Bien Venidos A Madrid!

I’m not even sure if that’s the right way to say welcome to Madrid, but that’s the Airbnb’s wifi password and sounds about right?

THIS PLACE, people! It’s warm, it’s full of green spaces, and the food is fantastic. Let’s come live here!

Oh wait…let’s come live here in Octobers only. Yip – if this is autumn I would be thinking twice before coming here in during summer. We will melt to pavement puddles.

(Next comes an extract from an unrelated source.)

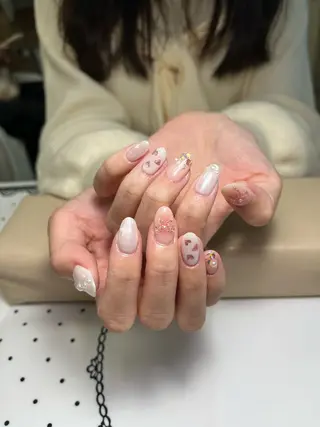 ネイル Umi nail salon所属・カル karuのネイルデザイン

We had some time to kill before we could check into our little (and rather fabulous) Airbnb, so husband took us on one of his legendary strolls. That type of amble that is aimless but manages to get you to all the best places. Eventually.

We managed to stumble upon Plaza de Espana – an accidental find and bit of a brain tease, the conversation went like this:

Husband: “I bet you don’t know who those two on the horses are.”

Me: “Meh?” (Meantime I’ve figured out it is Don Quixote).

Husband: “The one guy is riding a donkey.”

Me: “Aha. It’s Don Quixote.”

Husband: “And the other guy?”

Me: “His name starts with a P. Poncho? Panga? Who knows. I read the book.”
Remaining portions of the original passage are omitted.